**ABOUT THIS TASK**.
Pictures do not belong in the output. Reproduce exactly the lines from the start of the records through the line with "Hi everybody, I'm".

**SUPPLIED RECORDS**.
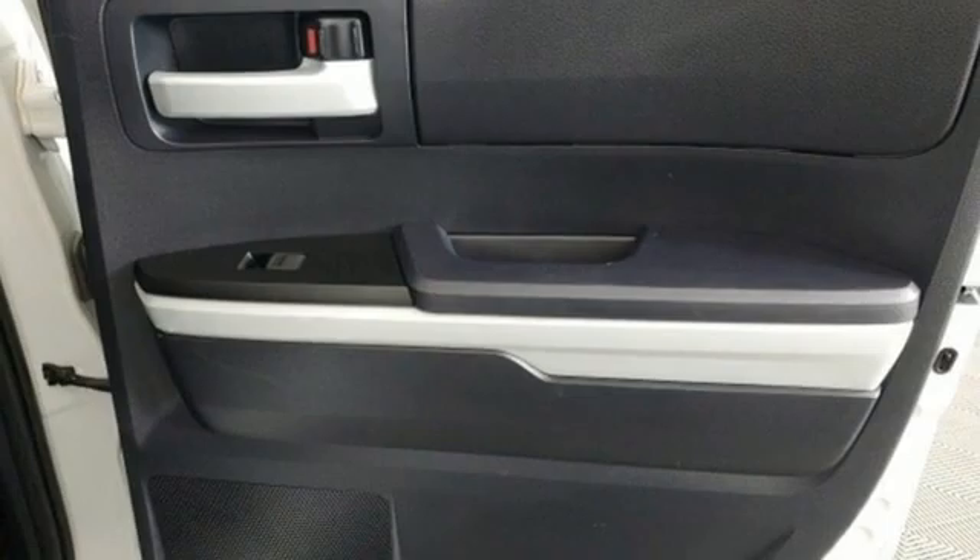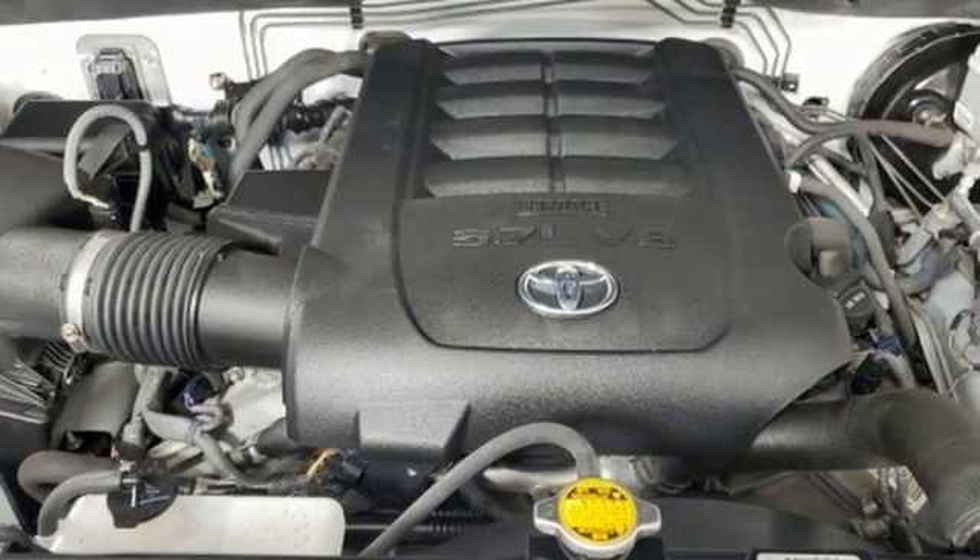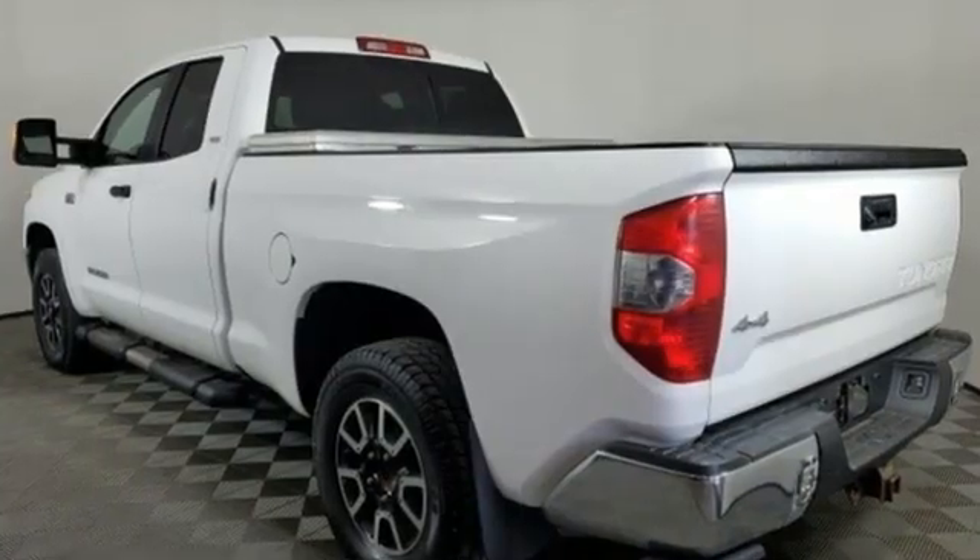The Car Connection proclaims: the Tundra bewilders with sheer equipment possibilities. Whatever the purpose, there's a Tundra for it.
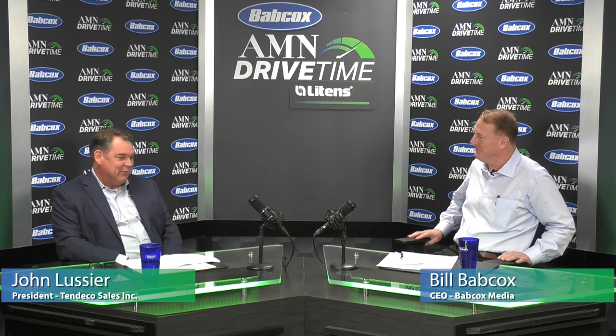As we wrap up, we're going to do something we call the lightning round. I'm going to give you a couple of words and just off the top of your head you give us an answer. Early bird or night owl? Early bird.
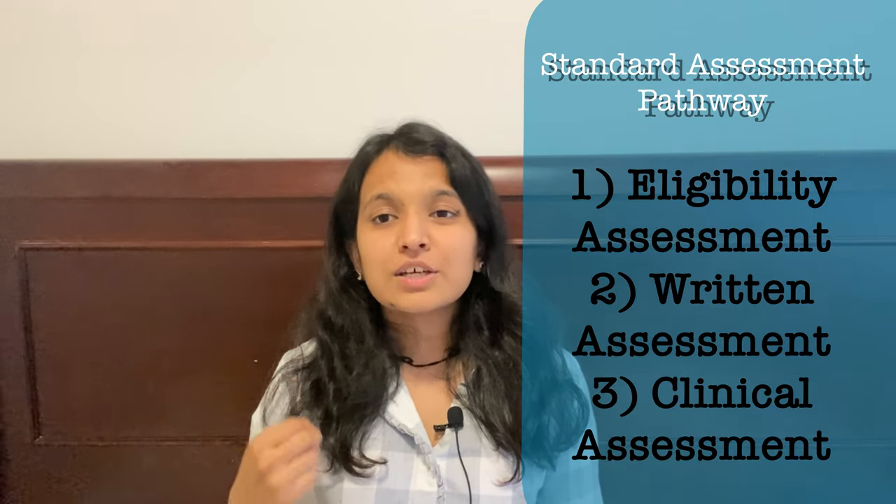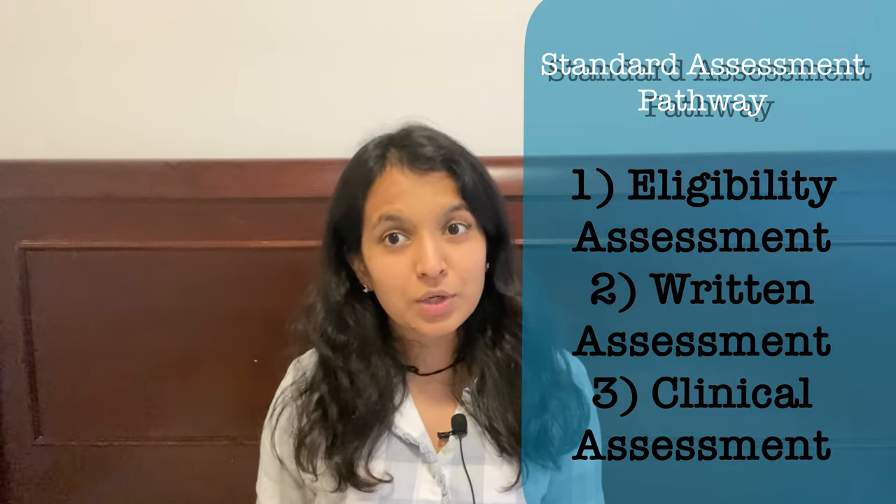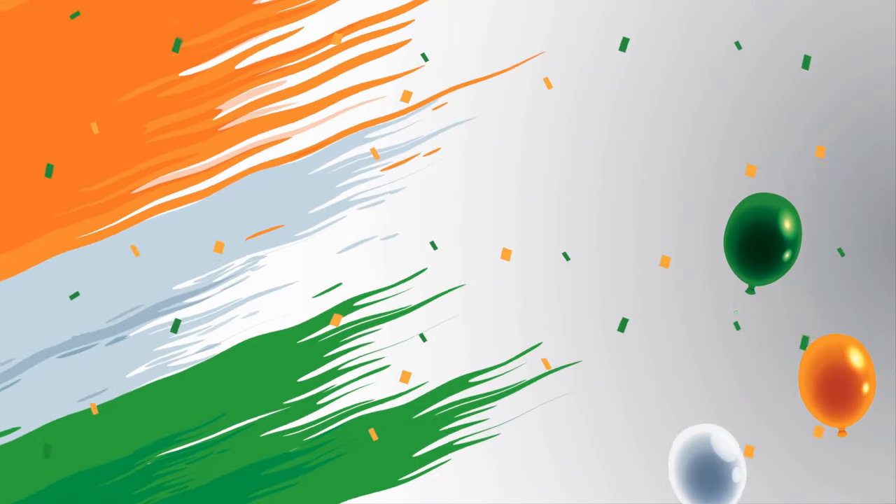If not, there's the second option: the Standard Assessment Pathway through the Australian Physiotherapy Council, or APC. Pretty much everything you need for this pathway is on their website. The Standard Assessment Pathway has three components: the first is the eligibility assessment, the second is the written assessment, and the third is the practical assessment. This video is most relevant to Indian applicants, but if you're from any other country, just tweak a few details for your home country — the process largely stays the same.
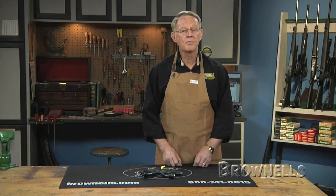As always, everything Brownells sells is backed by our 100% unconditional lifetime satisfaction guarantee.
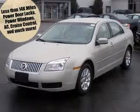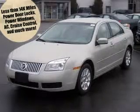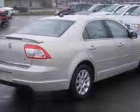We are proud to present this excellent 2008 Mercury Milan. This Milan has a four-cylinder engine and an automatic transmission. This vehicle has a wine suede exterior and includes the following options:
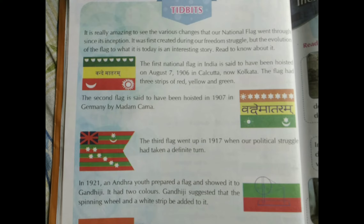The first picture you see on the left side has 'Vande Mataram' written at the centre. The first flag in India is said to have been hoisted on August 7th 1906 in Calcutta, now Kolkata. The flag had three strips of red, yellow and green - red at the bottom, yellow in the middle, and green at the top.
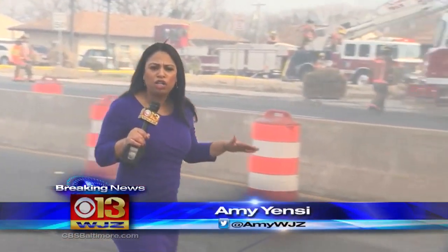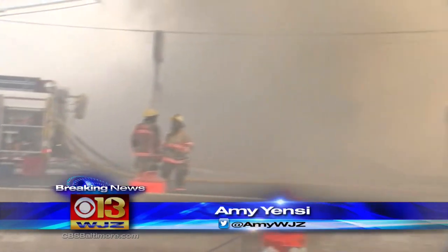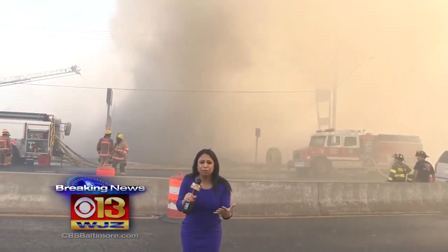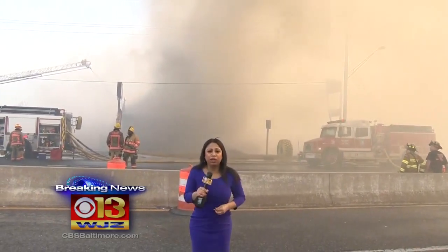There's a reason why these roads are closed off. As you can see, there's an intense amount of smoke pouring out of the structure. It's affecting the visibility and it's very difficult to breathe.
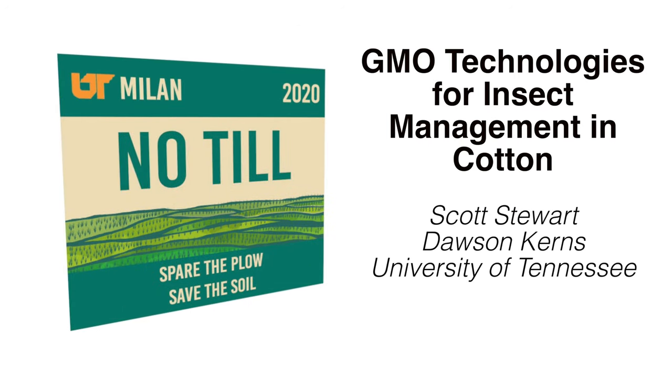Hi everybody, I'm Scott Stewart with UT Extension, and welcome to another talk at the cotton tour in the Milan no-till field day. The topic we're going to touch on today is BT cotton, and really we're going to talk about the BT cottons that are currently commercially available.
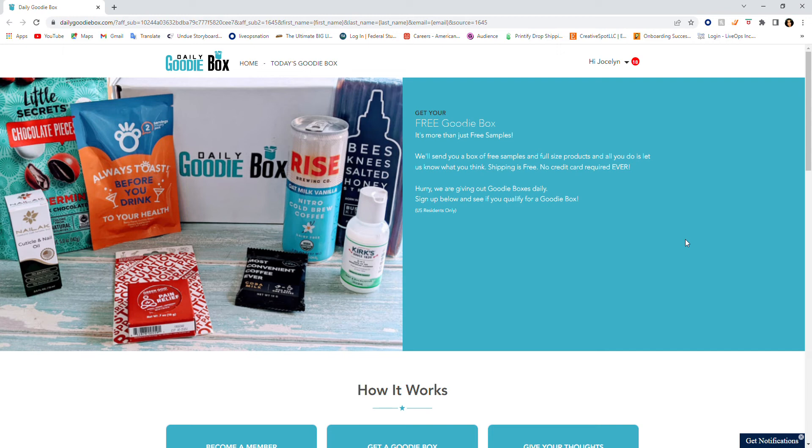Who doesn't like free stuff? Who doesn't like trying out a product and getting to keep it if it's great? So let's talk about the Daily Goodie Box. They'll send you a box of free samples and full-size products, and all you do is let them know what you think. Shipping is free and there is no credit card required, ever.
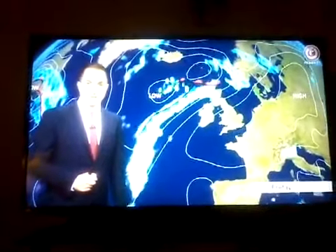It will start to tap into the warmth from the near continent — 24, maybe 25 degrees — but higher temperatures are further on. This area of high pressure really starts to establish itself over the near continent.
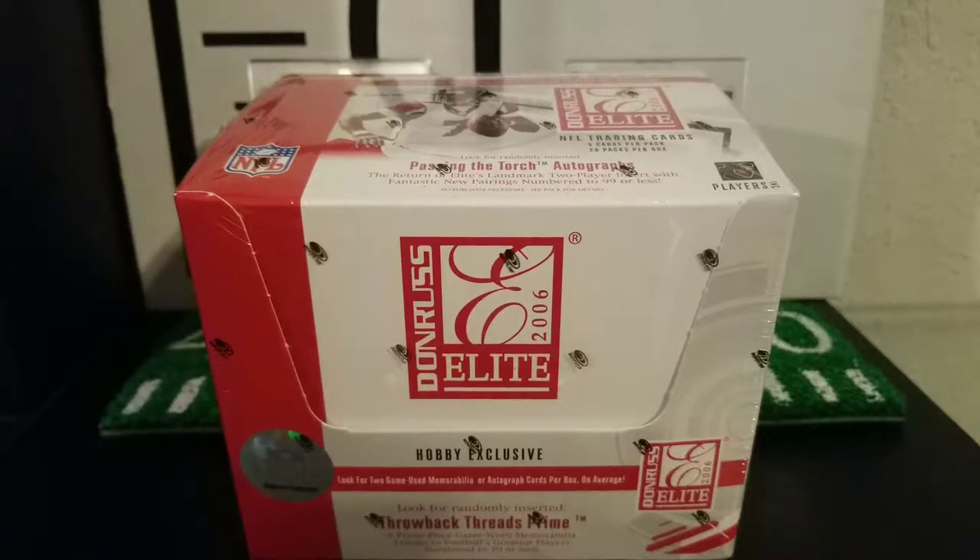What is going on everybody? It's your boy Pat. You know what it is today. We're gonna open up a throwback box of Donruss Elite 2006. This set is in my throwback repack box — if you're interested in grabbing one of those, the link will be in the description below.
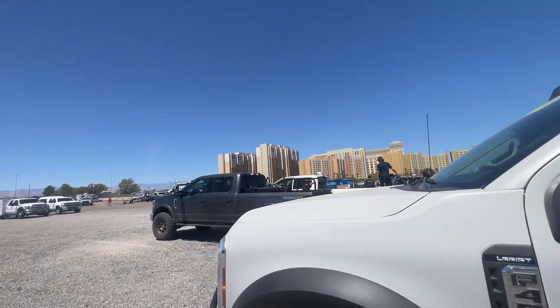Raptors. The whole squad. The DR — turnkey race truck.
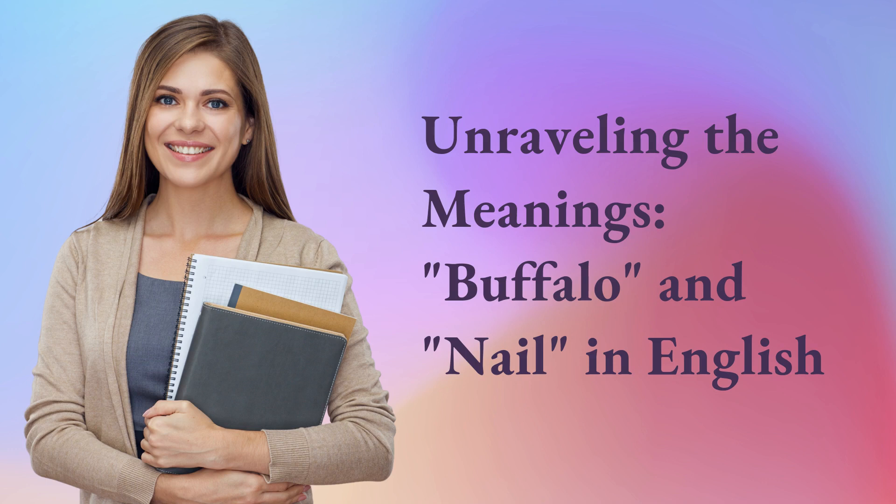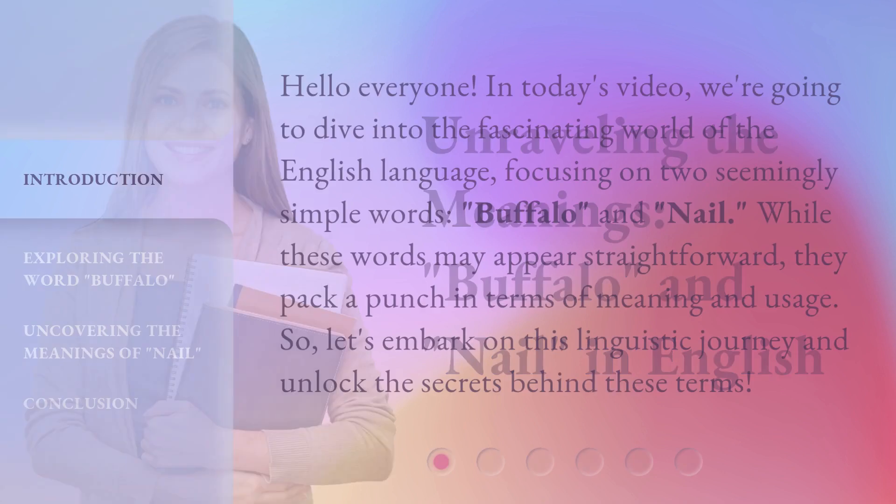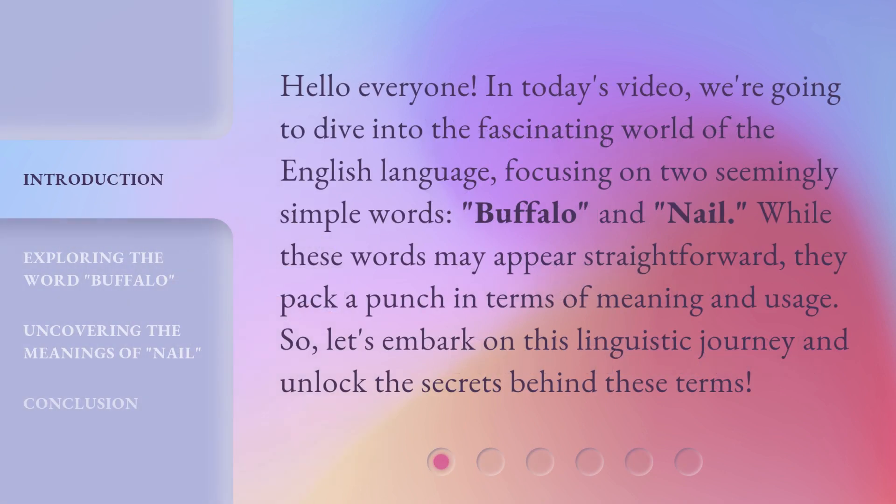Unraveling the meanings of buffalo and nail in English. Hello everyone. In today's video, we're going to dive into the fascinating world of the English language, focusing on two seemingly simple words: buffalo and nail. While these words may appear straightforward, they pack a punch in terms of meaning and usage. Let's embark on this linguistic journey and unlock the secrets behind these terms.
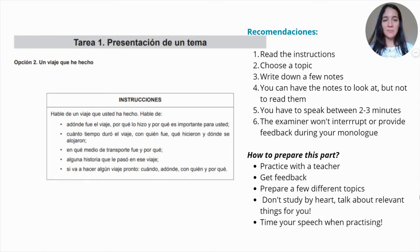My recommendations: obviously, read the instructions so you know the topic you have to talk about. When you choose a topic, try to choose something you feel comfortable talking about. You can write down a few notes to look at, but you cannot read them. During the exam you can have a few notes, but you are not allowed to only read the notes — you can look at them and then continue. You have to speak between two and three minutes. The examiner won't interrupt or provide feedback during your monologue — they won't say anything. So don't worry if the examiner is not replying; they are not allowed to. The idea is that you speak alone, fluently — this is a monologue, not a conversation.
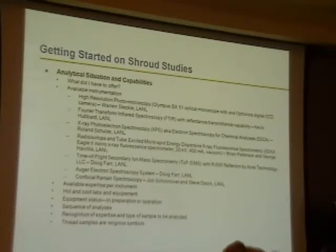X-ray photoelectron spectroscopy, sometimes known as electron spectroscopy for chemical analysis, ESCA — Roland Schultz is the expert in that. Radio isotope and tube excited microspot energy dispersive X-ray fluorescence spectrometry — this is where my expertise lies, because I had one of the first one of these instruments ever made. Brian Patterson and George Havrilla were the experts with that.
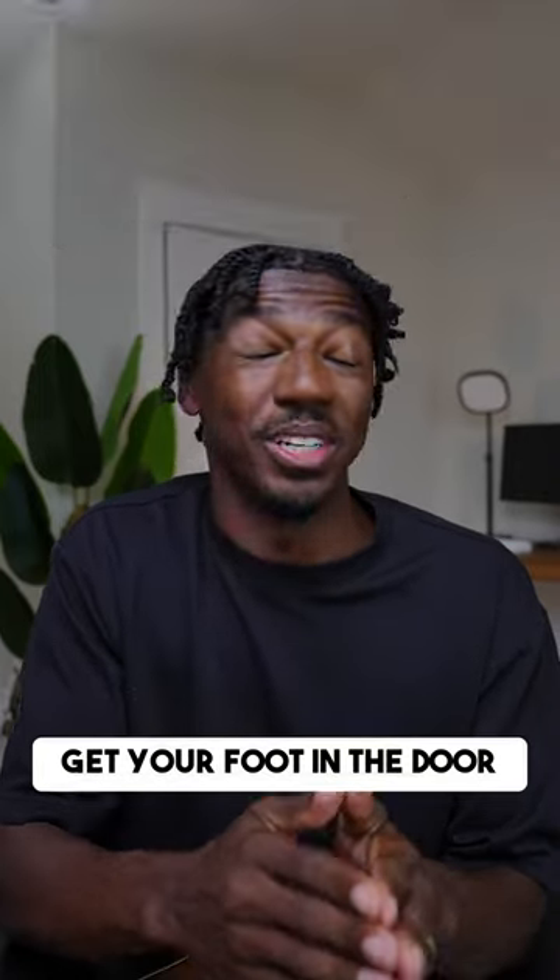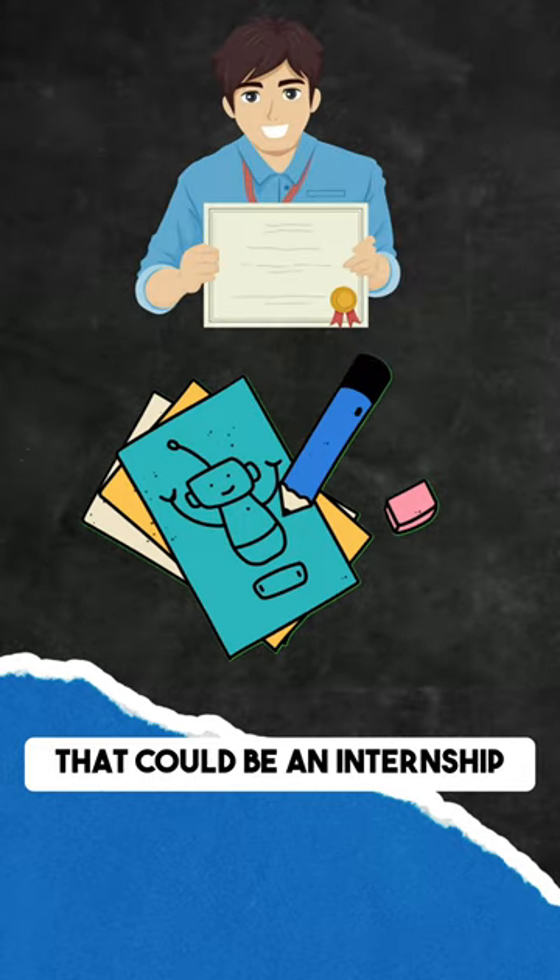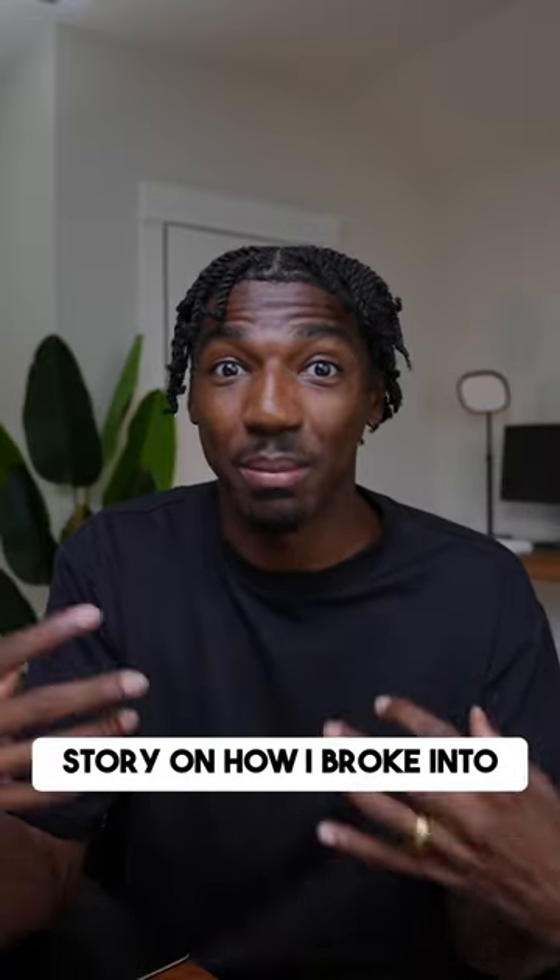And the last step is to get your foot in the door and showcase your skills wherever you can. That could be an internship or an apprenticeship, but I'll leave a story on how I broke into tech — link below.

**ANSWER TO THE PROBLEM**.
The Car Connection proclaims: the Tundra bewilders with sheer equipment possibilities. Whatever the purpose, there's a Tundra for it.
As we wrap up, we're going to do something we call the lightning round. I'm going to give you a couple of words and just off the top of your head you give us an answer. Early bird or night owl? Early bird.
If not, there's the second option: the Standard Assessment Pathway through the Australian Physiotherapy Council, or APC. Pretty much everything you need for this pathway is on their website. The Standard Assessment Pathway has three components: the first is the eligibility assessment, the second is the written assessment, and the third is the practical assessment. This video is most relevant to Indian applicants, but if you're from any other country, just tweak a few details for your home country — the process largely stays the same.
As always, everything Brownells sells is backed by our 100% unconditional lifetime satisfaction guarantee.
We are proud to present this excellent 2008 Mercury Milan. This Milan has a four-cylinder engine and an automatic transmission. This vehicle has a wine suede exterior and includes the following options:
The first picture you see on the left side has 'Vande Mataram' written at the centre. The first flag in India is said to have been hoisted on August 7th 1906 in Calcutta, now Kolkata. The flag had three strips of red, yellow and green - red at the bottom, yellow in the middle, and green at the top.
There's a reason why these roads are closed off. As you can see, there's an intense amount of smoke pouring out of the structure. It's affecting the visibility and it's very difficult to breathe.
Hi everybody, I'm Scott Stewart with UT Extension, and welcome to another talk at the cotton tour in the Milan no-till field day. The topic we're going to touch on today is BT cotton, and really we're going to talk about the BT cottons that are currently commercially available.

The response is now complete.